Kayla blickte zu der hohen Mauer hinauf. „Und was, wenn der Alpha mich erwischt?“ fragte sie, obwohl es ihr eigentlich egal war. An diesem Punkt würde sie lieber erwischt werden, als weiterhin den egoistischen Ambitionen ihres Onkels zu helfen.
Leo spottete, während er die Karte zusammenrollte. Er drückte sie in ihre zitternden Hände. „Du bist halb Wolf. Du hast keinen Geruch. Für einen Werwolf bist du ein Geist. Sie werden dich nicht einmal sehen. Aber wenn du erwischt wirst, werde ich reinkommen und für dich bitten. Dein Onkel wird die Politik regeln.“
Kayla öffnete den Mund, um eine weitere Frage zu stellen, aber Leo stürzte plötzlich vor. Seine Finger verwickelten sich brutal in ihrem Haar und rissen ihren Kopf zurück, bis sie keuchte.

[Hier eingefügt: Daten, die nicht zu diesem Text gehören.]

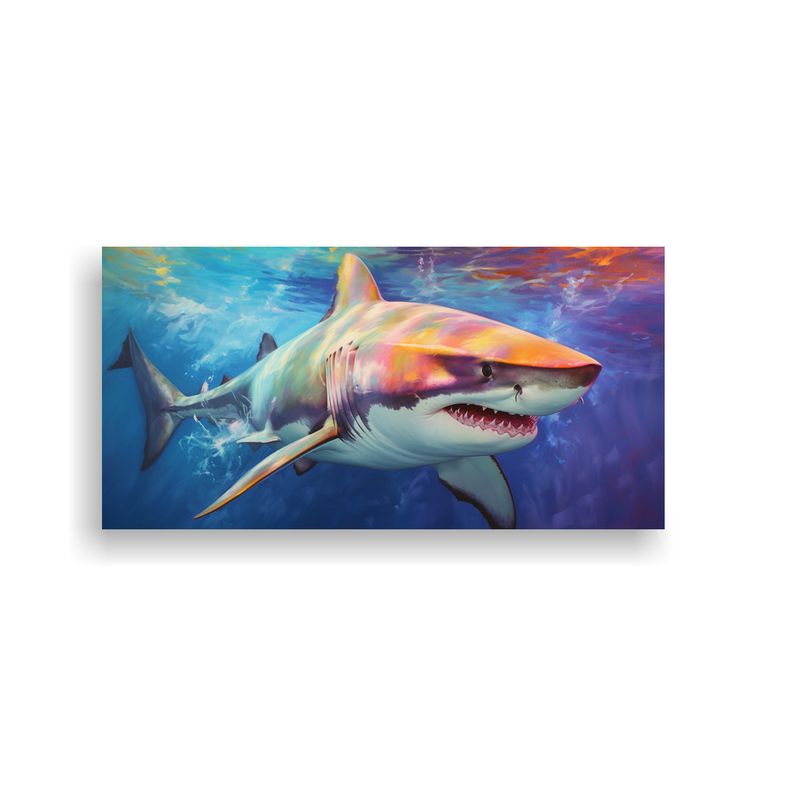 GENERICO - Cuadro Vintage De Tiburón Toro En Estilo Pintura 100x50 Cm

„Wenn diese Mission scheitert, wird dein Onkel dich selbst töten.“
„Jetzt kletter über den Zaun und geh rein. Wenn du wieder versuchst zu rennen, werde ich dich mit genau derselben Methode stoppen, die wir jetzt benutzt haben. Vertrau mir, diesmal sorge ich dafür, dass du einen langsamen, qualvollen Tod stirbst.“
Kayla blickte erneut zu der hohen Mauer hinauf. Schrecken ließ das Blut in ihren Adern gefrieren. Schwer atmend fand sie einen Halt im Stein und zwang sich über den Rand.
Sie holte Luft und sprang blind in das dunkle Territorium.
Anstatt auf den harten Boden zu treffen, stürzte sie direkt in ein Paar Arme, die sich wie solides Eisen anfühlten. Der Aufprall raubte ihr den Atem, und die Karte glitt aus ihrem Griff und flatterte nutzlos zu Boden.
„Mondgöttin!“ keuchte Kayla.
Sie kämpfte verzweifelt gegen den eisernen Griff des Alphas. Es war, als würde man gegen einen Berg ankämpfen.
„Lass mich bitte runter“, weinte sie.
„Halt den Mund“, knurrte Alpha Khan.
„Schrei sie nicht an. Sie ist unsere Gefährtin“, flüsterte Rion, der Wolf des Alphas, in seinem Geist.